House debates

Wednesday, 31 July 2019

Bills

Treasury Laws Amendment (Making Sure Multinationals Pay Their Fair Share of Tax in Australia and Other Measures) Bill 2019; Second Reading

6:56 pm

Photo of Rebekha SharkieRebekha Sharkie (Mayo, Centre Alliance) Share this | Hansard source

I rise to support this bill, the Treasury Laws Amendment (Making Sure Multinationals Pay Their Fair Share of Tax in Australia and Other Measures) Bill 2019. I have seen multiple attempts by the government to tighten up on multinational tax avoidance, and I applaud all of them. However, it is hard not to conclude that each of these measures really only nibbles away at what is a much bigger policy issue, and a very serious one at that. It's very serious because every dollar of tax that multinational corporations avoid in Australia shifts an ever-increasing burden onto Australian taxpayers, and they include both small businesses and individuals. Predictably, our government's ability to provide essential and non-essential services to Australia directly suffers as a result of multinational tax avoidance.

This is why I was so taken with the French government's recent implementation of a flat three per cent revenue tax on multinational tech giants that operate in France. The tax only applies to revenues earned in France and only upon tech companies that earn annual global revenue of more than 750 million euros, in addition to revenue in France exceeding 25 million euros. Time magazine states that:

The revenue threshold is supposed to allow more room for startups. France argues that tech giants are abusing their market dominance, notably through tax avoidance, and preventing others from a fair chance of competing.

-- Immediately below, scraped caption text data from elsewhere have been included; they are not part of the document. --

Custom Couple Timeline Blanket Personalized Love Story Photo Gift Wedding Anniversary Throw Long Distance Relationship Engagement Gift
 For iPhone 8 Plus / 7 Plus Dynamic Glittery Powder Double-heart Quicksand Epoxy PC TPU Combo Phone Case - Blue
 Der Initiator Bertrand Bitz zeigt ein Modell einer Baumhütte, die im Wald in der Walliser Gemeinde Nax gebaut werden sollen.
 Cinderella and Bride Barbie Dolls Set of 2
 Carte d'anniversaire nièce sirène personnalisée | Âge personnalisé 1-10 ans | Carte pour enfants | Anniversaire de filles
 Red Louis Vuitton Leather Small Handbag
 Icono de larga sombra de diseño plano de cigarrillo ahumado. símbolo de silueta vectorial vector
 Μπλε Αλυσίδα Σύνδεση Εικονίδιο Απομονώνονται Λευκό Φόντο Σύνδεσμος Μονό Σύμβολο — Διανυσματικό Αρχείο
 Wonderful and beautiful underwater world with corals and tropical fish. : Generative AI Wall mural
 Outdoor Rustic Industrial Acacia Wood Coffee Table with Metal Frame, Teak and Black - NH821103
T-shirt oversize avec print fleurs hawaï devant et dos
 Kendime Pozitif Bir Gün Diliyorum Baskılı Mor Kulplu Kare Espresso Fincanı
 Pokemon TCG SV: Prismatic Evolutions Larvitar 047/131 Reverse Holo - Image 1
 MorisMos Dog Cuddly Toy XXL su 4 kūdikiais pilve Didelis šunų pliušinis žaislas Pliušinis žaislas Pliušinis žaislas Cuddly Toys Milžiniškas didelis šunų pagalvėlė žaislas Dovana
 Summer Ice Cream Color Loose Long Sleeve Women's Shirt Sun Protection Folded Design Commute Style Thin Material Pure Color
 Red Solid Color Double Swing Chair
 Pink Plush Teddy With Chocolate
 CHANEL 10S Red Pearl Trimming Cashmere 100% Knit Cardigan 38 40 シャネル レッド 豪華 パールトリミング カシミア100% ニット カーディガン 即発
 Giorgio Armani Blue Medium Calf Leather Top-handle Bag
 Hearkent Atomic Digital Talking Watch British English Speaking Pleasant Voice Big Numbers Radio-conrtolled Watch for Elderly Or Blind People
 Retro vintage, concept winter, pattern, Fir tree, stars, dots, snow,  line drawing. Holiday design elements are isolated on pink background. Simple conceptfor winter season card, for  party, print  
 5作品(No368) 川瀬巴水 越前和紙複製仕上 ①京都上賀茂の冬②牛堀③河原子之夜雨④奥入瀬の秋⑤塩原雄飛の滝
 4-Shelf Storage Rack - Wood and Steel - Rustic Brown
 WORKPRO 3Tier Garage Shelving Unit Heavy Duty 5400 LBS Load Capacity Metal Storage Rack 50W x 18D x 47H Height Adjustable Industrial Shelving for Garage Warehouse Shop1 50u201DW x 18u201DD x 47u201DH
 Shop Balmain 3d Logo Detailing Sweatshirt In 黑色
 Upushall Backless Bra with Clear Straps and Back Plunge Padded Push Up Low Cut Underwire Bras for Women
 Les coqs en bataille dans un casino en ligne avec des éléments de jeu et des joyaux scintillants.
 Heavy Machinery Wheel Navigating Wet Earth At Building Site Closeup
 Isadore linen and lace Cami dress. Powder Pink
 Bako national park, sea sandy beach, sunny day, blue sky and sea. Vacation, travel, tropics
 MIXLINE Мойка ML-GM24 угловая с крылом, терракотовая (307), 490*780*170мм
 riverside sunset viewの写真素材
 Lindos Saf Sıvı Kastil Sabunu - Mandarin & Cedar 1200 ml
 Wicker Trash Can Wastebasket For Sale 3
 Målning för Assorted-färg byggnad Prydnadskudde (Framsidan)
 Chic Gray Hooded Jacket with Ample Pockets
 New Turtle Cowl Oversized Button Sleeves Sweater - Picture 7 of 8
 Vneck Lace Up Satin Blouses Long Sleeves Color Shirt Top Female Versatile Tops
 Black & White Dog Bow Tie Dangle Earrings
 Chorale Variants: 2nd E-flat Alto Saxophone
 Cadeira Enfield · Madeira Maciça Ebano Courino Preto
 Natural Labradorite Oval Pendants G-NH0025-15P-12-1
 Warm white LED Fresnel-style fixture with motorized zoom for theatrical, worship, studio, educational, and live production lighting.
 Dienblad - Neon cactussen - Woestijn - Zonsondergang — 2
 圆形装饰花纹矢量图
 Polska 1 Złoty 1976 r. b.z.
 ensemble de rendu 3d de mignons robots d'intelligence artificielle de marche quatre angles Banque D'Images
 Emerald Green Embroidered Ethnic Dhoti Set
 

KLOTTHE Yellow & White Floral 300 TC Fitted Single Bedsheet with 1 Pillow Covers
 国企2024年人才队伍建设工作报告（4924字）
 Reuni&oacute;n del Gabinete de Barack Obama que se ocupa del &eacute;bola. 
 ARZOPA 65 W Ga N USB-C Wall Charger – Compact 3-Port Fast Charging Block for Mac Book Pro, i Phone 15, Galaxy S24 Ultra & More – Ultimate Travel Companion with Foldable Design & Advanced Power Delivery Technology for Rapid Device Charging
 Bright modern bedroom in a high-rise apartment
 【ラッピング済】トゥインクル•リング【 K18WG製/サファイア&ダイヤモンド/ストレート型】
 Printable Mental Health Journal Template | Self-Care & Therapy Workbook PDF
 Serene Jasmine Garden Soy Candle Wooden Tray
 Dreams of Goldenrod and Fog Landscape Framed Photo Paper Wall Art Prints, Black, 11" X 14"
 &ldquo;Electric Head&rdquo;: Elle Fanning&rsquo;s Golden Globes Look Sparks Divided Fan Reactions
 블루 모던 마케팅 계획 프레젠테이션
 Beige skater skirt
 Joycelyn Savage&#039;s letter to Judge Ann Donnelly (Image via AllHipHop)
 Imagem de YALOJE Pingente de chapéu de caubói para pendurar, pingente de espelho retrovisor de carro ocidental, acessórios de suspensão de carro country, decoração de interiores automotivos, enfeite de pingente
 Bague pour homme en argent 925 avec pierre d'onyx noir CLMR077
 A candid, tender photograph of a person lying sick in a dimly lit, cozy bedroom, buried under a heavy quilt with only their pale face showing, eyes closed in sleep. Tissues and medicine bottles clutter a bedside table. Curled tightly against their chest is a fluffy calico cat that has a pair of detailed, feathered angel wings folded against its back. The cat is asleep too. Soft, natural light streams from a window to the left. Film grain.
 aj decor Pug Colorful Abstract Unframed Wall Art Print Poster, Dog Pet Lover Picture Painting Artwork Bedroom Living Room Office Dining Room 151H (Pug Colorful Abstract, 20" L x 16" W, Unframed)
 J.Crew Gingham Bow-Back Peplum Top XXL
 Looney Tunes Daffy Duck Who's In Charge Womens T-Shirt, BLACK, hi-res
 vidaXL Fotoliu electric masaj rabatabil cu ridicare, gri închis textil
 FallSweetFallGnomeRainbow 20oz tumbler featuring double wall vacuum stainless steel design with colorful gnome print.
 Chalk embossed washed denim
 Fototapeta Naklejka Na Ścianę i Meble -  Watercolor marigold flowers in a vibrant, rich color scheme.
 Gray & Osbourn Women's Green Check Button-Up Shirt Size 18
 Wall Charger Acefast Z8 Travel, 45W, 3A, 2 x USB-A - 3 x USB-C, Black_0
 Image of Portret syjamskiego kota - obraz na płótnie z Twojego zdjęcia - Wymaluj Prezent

I find it hard to disagree with that sentiment, especially when large tech companies pay very little tax in most of the jurisdictions in which they operate, including Australia. For example, in financial year 2016-17, Facebook paid only $12.5 million of tax in Australia, which was only 3.8 per cent of its Australian revenue of $331 million; Google only paid $33 million in tax, which was only 2.2 per cent of its Australian revenue of almost $1.5 billion; and, in combining Amazon corporate and Amazon web services, Amazon paid $10.4 million in tax, which was only 2.3 per cent of its $454 million in Australian revenue. And similar stories stretch back through multiple years of Australian taxation data.

I would encourage every member in this chamber to read The Great Multinational Tax Rort: How We're All Being Robbed by Martin Feil. Just to give some global context to this: multinational corporations have avoided trillions of dollars of tax over the past 25 years. Tax avoidance is legal, but it is a massive abuse by multinationals that has a devastating effect on governments around the world and has placed an unbearable burden on individual taxpayers and on honest local businesses.

What is interesting, though, is that there are four accounting firms—PricewaterhouseCoopers; Ernst & Young, now known as EY; KPMG; and Deloitte—and they are the global accountants and tax advisers for multinationals. They have been paid over $500 billion in the past 25 years to prepare annual accounts and to manage multinational tax affairs. The favourite tool of the big four accountancies to minimise tax for their multinational clients is transfer pricing, a complex and confusing array of methodologies and strategies that work to reduce tax or even avoid tax altogether.

So I would encourage every member of this chamber to read this book. It is certainly eye-opening and says that we have to do much more. Apple Australia paid just $80 million in income tax on revenue of $6 billion in Australia in the year 2013-14. How can our mum-and-dad businesses compete when that is the arrangement that Apple have through their complex web, as do all of the other multinationals?

So we really must act to clamp down on multinationals which are, perfectly legally but immorally, taking full advantage of the weaknesses in our taxation system and other nations' taxation systems. For Australia, this is of great detriment to our taxpayers. The French look to be leading the way, and I hope Australia will do all we can to follow.